## Supplied information:
....

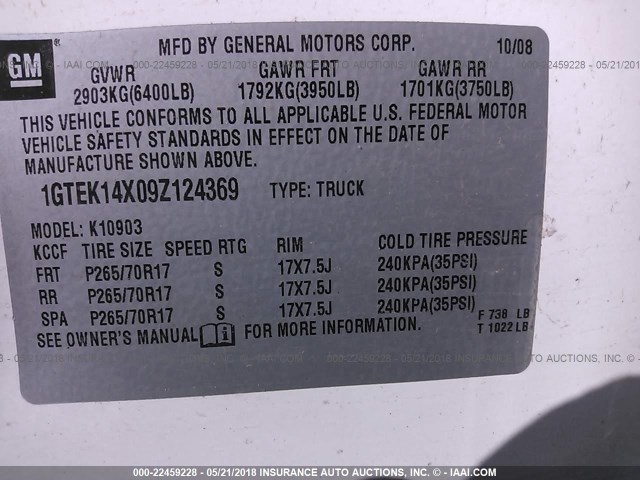 1GTEK14X09Z124369 - 2009 GMC SIERRA K1500 თეთრი ფოტო 9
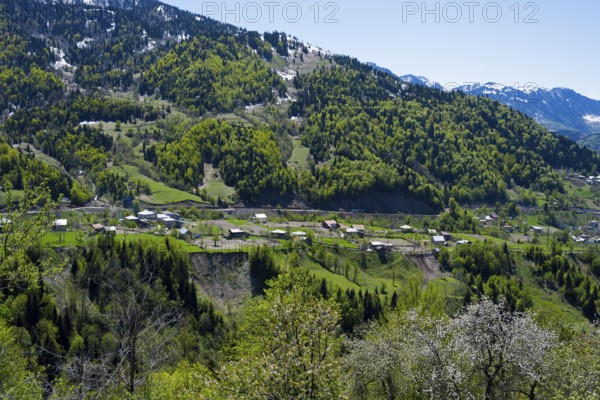 Dense forests on mountains with a small village away from the hustle and bustle, village in the Lesser Caucasus on the way to the Goderdzi Pass, Ajara region, Adjara, autonomous republic, Georgia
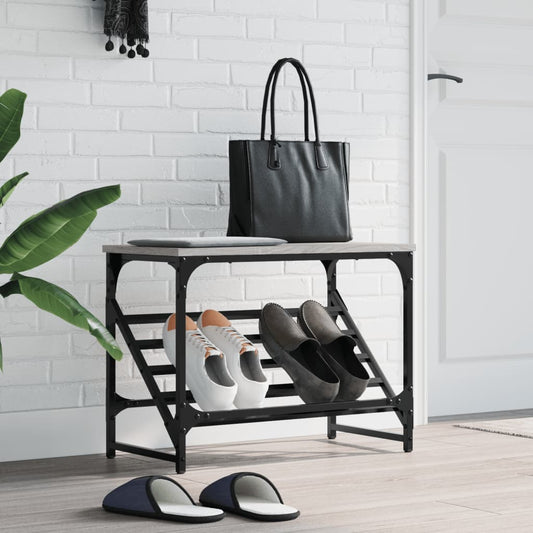 Shoe rack gray Sonoma 60x30x45 cm made of wood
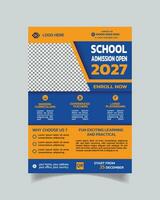 Elegant Kids Learning Flyer Template and School Admission Advertisement Leaflet A4 vector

....

## Directions for this task:
Repeat each line above exactly. The pictures stay out.

## Response below:
 1GTEK14X09Z124369 - 2009 GMC SIERRA K1500 თეთრი ფოტო 9
 Dense forests on mountains with a small village away from the hustle and bustle, village in the Lesser Caucasus on the way to the Goderdzi Pass, Ajara region, Adjara, autonomous republic, Georgia
 Shoe rack gray Sonoma 60x30x45 cm made of wood
 Elegant Kids Learning Flyer Template and School Admission Advertisement Leaflet A4 vector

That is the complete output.